La fundación fue reconocida con un estatuto de amplia autonomía. Durante años se mantuvo como una excepción en las normas de gobernanza vaticanas: estaba sometida a la supervisión de los sucesivos presidentes del APSA, pero se le dejó plena libertad para elegir temas y proyectos de trabajo. En el ambiente por entonces no muy transparente de las finanzas y la economía vaticanas, la CAPP mantuvo una línea recta de completa transparencia en la gestión y rendición de cuentas de todas sus actividades y operaciones; fue el primer organismo vaticano en realizar una auditoría independiente y en hacer públicas sus cuentas en la web en 2010. De algún modo, anticipó los modos de proceder que el Papa Francisco exige hoy a todos los organismos vaticanos. La dotación inicial de la Centesimus Annus ha ido aumentando poco a poco. Cada año, en función de los resultados de la inversión, los excedentes se han trasladado en forma de donación para las obras de caridad del Papa. Las actividades del secretariado y los congresos se autofinancian con cuotas de miembros adherentes y donaciones.

La gobernanza se realiza a través de un consejo, en su mayor parte cooptado, que hasta la fecha ha tenido cuatro presidentes: el banquero milanés Roberto Mazzotta; el empresario Lorenzo Rossi di Montelera; el alto ejecutivo español Domingo Sugranyes Bickel y ahora la señora Anna María Tarantola, que fue directora general adjunta del Banco de Italia con el gobernador Mario Draghi. Su consejero eclesiástico internacional ha sido casi desde el principio el prelado Claudio María Celli. El ámbito de acción, inicialmente italiano, se fue internacionalizando poco a poco. Actualmente cuenta con miembros en 15 países y grupos activos en Italia, España, Francia, Alemania, Reino Unido, Bélgica, Países Bajos, Malta y Estados Unidos, así como en algún país del este de Europa, y está comenzando a tejer su presencia en África y Asia.

Para realizar su tarea de think tank, desde el principio se dotó de un comité científico formado por economistas, sociólogos y filósofos de distintos países. De España fue durante años miembro activo de dicho comité el profesor y economista Alfredo Pastor. A través de conferencias anuales y de numerosas consultas de expertos, la fundación ha ido realizando debates sobre temas como el papel de las finanzas en la economía, el futuro del trabajo en el contexto de la automatización, las migraciones, la criminalidad financiera, el futuro de la alimentación mundial o el papel de las pequeñas empresas en el desarrollo de las comunidades pobres, entre otros. Además, publica artículos en la propia red y en otros medios y apoya con becas a jóvenes investigadores.

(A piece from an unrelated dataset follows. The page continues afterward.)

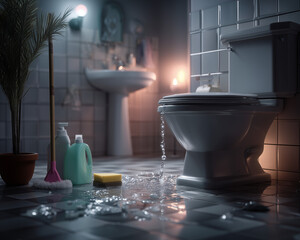 Overflowing toilet with cleaning supplies in small tiled bathroom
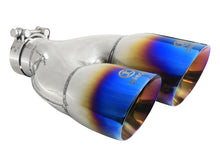 Load image into Gallery viewer, aFe Takeda 2.5in 304 Stainless Steel Clamp-on Exhaust Tip Driver Side 2.5in Inlet 4inDual-Blue Flame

Una mención especial merece el premio Centesimus Annus otorgado a monografías sobre doctrina social que ya ha celebrado cinco ediciones. La primera edición fue en 2013 y en ella tuve el honor de que mi libro Ciudadanía, migraciones y religión recibiese ese prestigioso galardón, ex aequo con el libro del afamado profesor Stefano Zamagni, L’economia del bene comune. Mi colega de Comillas Jaime Tatay también lo recibió en la quinta edición por su magnífica obra Ecología integral.

Como se ha recordado en el reciente encuentro del 30 aniversario, para la adecuada elaboración del pensamiento social la Iglesia necesita del diálogo entre quienes escriben los documentos, los académicos de ámbitos diversos y las personas con experiencia directa en la empresa y en el emprendimiento socioeconómico. Así se produce una suerte de intertransdiciplinariedad, tal como pide el Papa en Veritatis gaudium. El nacimiento de un «nuevo modelo económico» al servicio del desarrollo integral y sostenible que con energía y razón reclama Francisco solo será posible en unas nuevas bases culturales y geopolíticas por las que hemos de trabajar con ahínco. La fundación debe ser una de las piezas clave de la Iglesia convocadas a esa importante misión, como ha recordado el economista Alberto Quadrio Curzio, presidente emérito de la Academia Nazionale dei Lincei. Ahora bien, esa gran tarea pasa por las pequeñas decisiones de cada día, donde se juega la vida personal y familiar de líderes y emprendedores en un «estilo de vida» acorde con las exigencias en comunidad que proponen Fratelli tutti y Laudato si, las dos valiosas encíclicas sociales de nuestro Papa americano.